The question of whether or not we should commemorate the tragedy sparked heated discussions among us.
At first, it seemed insensitive or downright inappropriate to deal with such a tragedy in the context of a cooking blog. How to go from writing about such a disaster to the recipe of a dish typical of this region of the world without flirting with futility?
What finally convinced us to choose this theme is that the fidelity of our editorial policy is the most authentic and most sincere tribute to these populations who suffered so much – some of which are still suffering the effects of the tragedy.

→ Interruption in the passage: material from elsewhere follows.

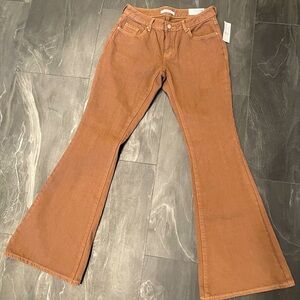 PACSUN NWT Size 26 Mocha Brown Low Rise Flare Jeans Retro Style MSRP $57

To transmit and perpetuate their traditional recipes is a way to promote and honor the culture of these countries.
This week, we are therefore featuring Indonesia. Once again! Indonesian cuisine is actually rich and varied and it offers plenty of choices, both savory and sweet.
There is not one restaurant or hotel in Indonesia that doesn’t offer this vegetarian salad sometimes garnished with tofu like here, other times with hard-boiled eggs or even with tempeh, a fermented soy specialty.
What is particularly interesting about this recipe is not so much the vegetables that compose it, which can vary with the seasons, but the peanut sauce that accompanies this salad that is so characteristic of Indonesian cuisine.
There are several versions of this sauce with ingredients and proportions that can be vary widely. However, the flavor that is always predominant is the one of peanut.
There are two schools of thought when it comes to how to taste gado gado. Some people will say that the sauce accompanying the gado gado should be served warm. Others would say that it must be consumed very cold.
Just try and decide which one is right for you. I personally still haven’t made up my mind! I will therefore continue to prepare gado gado in the coming weeks just to finish this comparative study of the utmost importance. Indeed!
Recipe of Gado Gado
Preparation time: 45 minutes
Cooking time: 35 minutes
Ingredients (4 people)
- 1/2 lb green beans, trimmed
1/2 lb bean sprouts
1/2 lb white cabbage, shredded
4 small cucumbers or 1 large
1 package firm tofu
For the sauce
- 2 cups peanuts, unsalted with skin
1 1-inch piece of galangal, peeled and finely cut
2 macadamia nuts
2 garlic cloves, peeled
1 hot pepper, seeded and minced
1/2 tomato, diced
10 tablespoons kecap manis or sweet soy sauce
Juice of 1-1/2 lime
1 cup water
First, prepare the sauce by toasting the peanuts with skin in a hot pan with a little oil. Stir frequently and stop as soon as they get some color.
Mix the peanuts, garlic, macadamia nuts, galangal, chili and tomato with a pestle and mortar or in a blender to obtain a homogeneous paste.
Dilute by stirring the paste with the water on low heat in a pan. Add Kecap Manis sauce or sweet soy sauce, salt and drizzle with lemon juice.
Stir over low heat for about ten minutes. Cool.
Cook the green beans in salted boiling water for 7 minutes. Soak in a container with cold water and ice, then drain thoroughly.
Immerse the bean sprouts in salted boiling water less than a minute to blanch. Run them under cold water to stop the cooking and finally drain.
Do the same with the cabbage.
Wash and peel both cucumbers leaving alternate strips of skin. Cut ¼-inch slices.
Dice tofu. Sauté the tofu in a pan with hot vegetable oil to lightly brown on all sides.
Combine all the ingredients on plates and let each guest add the desired amount of sauce.